Chris: At the time I was designing the characters, I didn’t have much in mind. I had some preliminary Funny Bones characters to go off of and redesign, but didn’t really incorporate my life into the characters. It wasn’t until my parents watched it that I realized I had subconsciously drawn my family into the show! Floyd Funnybone looks like me with the glasses and the skinny legs. Fred Funnybone looks like my father and Frank Funnybone looks like my grandfather who lives in Korea.
How long did production last? How often were you working on Funny Bones along the way?
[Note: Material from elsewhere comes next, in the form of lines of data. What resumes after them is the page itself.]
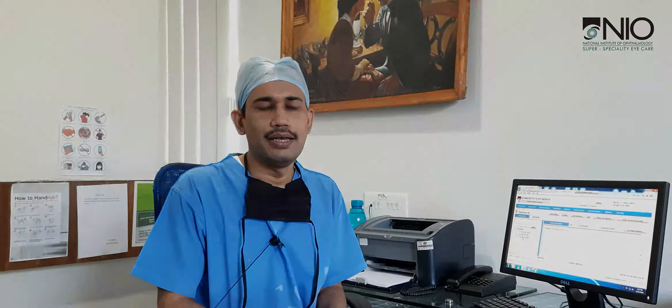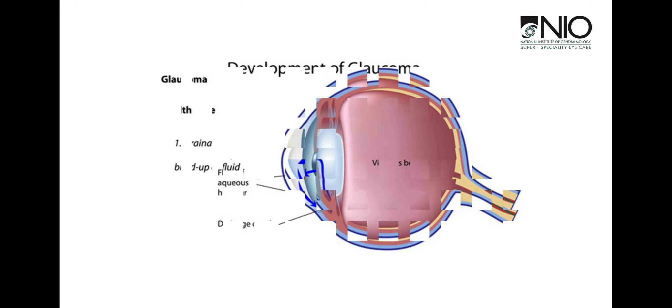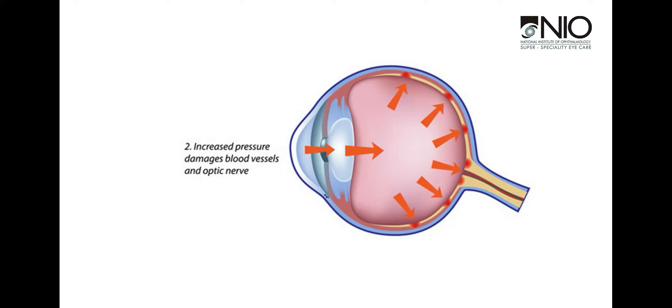We'll discuss glaucoma surgeries. There are a lot of doubts about how glaucoma surgery is done. As you know, there is a drainage system that is defective and cannot drain the excess fluid out of the eye. When drops and lasers are not controlling it, we need to operate and create a separate drainage channel for the fluid inside the eye to go out.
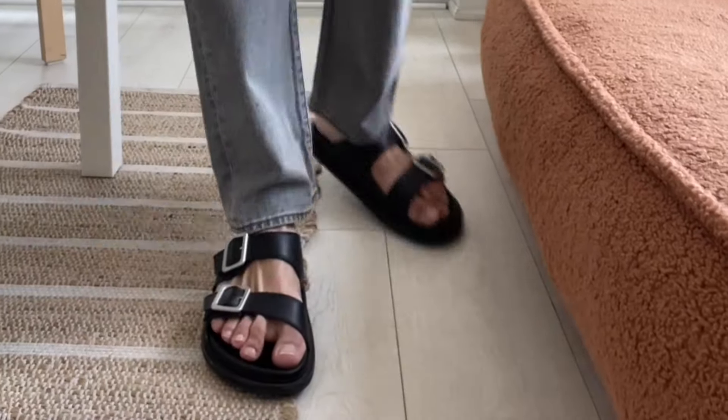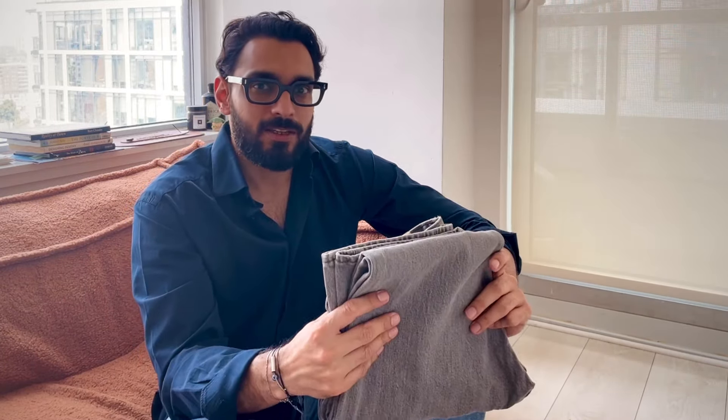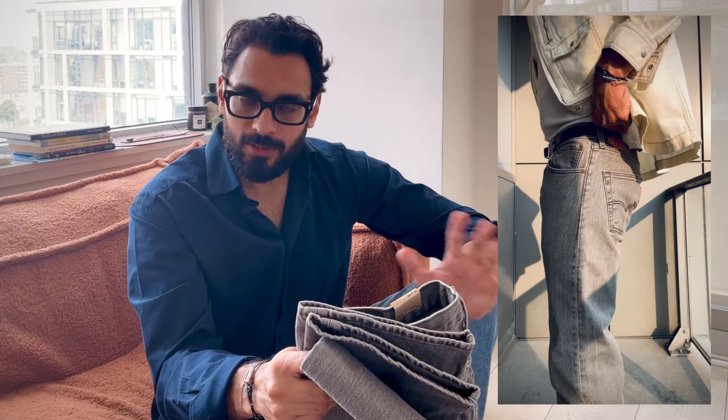The 501 comes in a ton of different colors and they also make them with some stretch. This pair happens to have one percent stretch in it. I'm not a denim purist who insists it has to be 100% cotton — I'm not there yet. I think that stretch really helps in the comfort section. It doesn't feel like a stretchy denim at all — it feels like a rigid, solid 100% cotton because it's 99% cotton with 1% elastane. The stretch is just enough when you have flexion in your knees, and it makes it overall very comfortable.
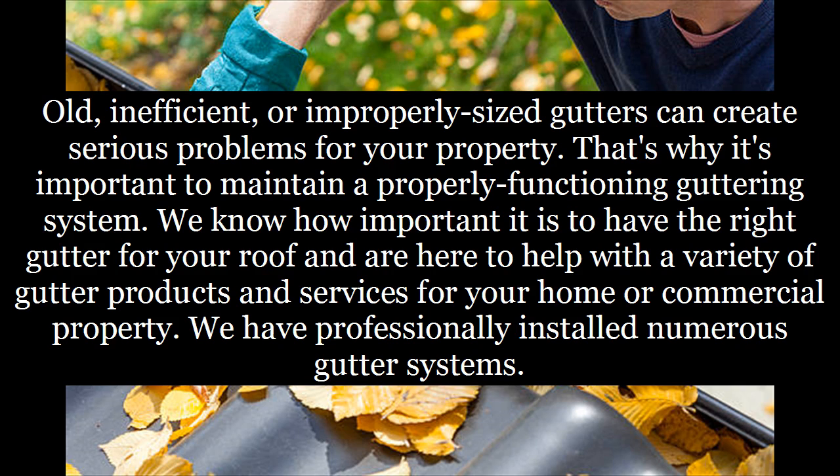That's why it's important to maintain a properly functioning guttering system. We know how important it is to have the right gutter for your roof and are here to help with a variety of gutter products and services for your home or commercial property.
Ben: I wrote the pilot my senior year of college in 2016. We recorded, and edited the audio play that summer, and Chris started animating that audio-play in 2017. We finished it in 2018. There were definitely breaks throughout this project, as we all had to account for each other’s busy schedules.
Chris: The production lasted over a year. I didn’t know anything about animation, so it took me awhile to learn everything. Since I was in school at the time, I could only spend 1-2 hours a day on it and in the middle of the project, I had to take a break because my creative juices were depleted.
What software did you use? Any workflow benefits or limitations you could share?
Chris: I used Toon Boom Harmony, Photoshop, and After Effects. To this day, I am using all three for my current projects. One of the biggest limitations I had working on Harmony was the system itself. I had no prior knowledge of the program and was learning it as I went. One of the biggest mistakes I made was grouping all the scenes together in one project file. It was a chaotic mess that I sadly learned the hard way.
Any new projects in the works? Especially animated, but really any media type.
Ben: Chris, Tyler and I created an animated short for my brother’s food company, ReGrained, which will be released soon. We’re also developing several kids’ cartoon series, and I make live action comedy shorts, which I release on our channel Probably A Cult.
Chris: Ben and I are constantly throwing ideas at each other when we get the chance to; we have some projects in the works that we are excited for!
What animated series (or shorts?), if any, are you excited about right now, as an audience member?
Ben: I loved Green Eggs and Ham on Netflix. I thought the animation was beautiful, and the writing was smart and funny. I’m excited to watch Pendleton Ward’s Midnight Gospel this week. As an avid Regular Show fan, I’m definitely going to watch JG Quintel’s upcoming show Close Enough.
Chris: Currently, I am catching up on Adventure Time. As an audience member, I am constantly laughing at the variety of characters and the odd humor. As an animator and character designer, I’m in awe of the designs and color selections. One of the TV shows that I recommend everyone watch is Castlevania on Netflix. If you love vampires, beautiful animations, and bloody deaths, definitely check out Castlevania, pretty much devoured the series in a week or two!
DIY Animation Club co-founder Dave Merson Hess taught and developed animation curriculum for Aurora Picture Show’s youth workshops, 2014-2018. He also started Rush Process, a Gulf Coast-based festival celebrating animators who work with physical media, which ran from 2015 to 2018. Dave is currently an MFA candidate in Experimental Animation at Calarts.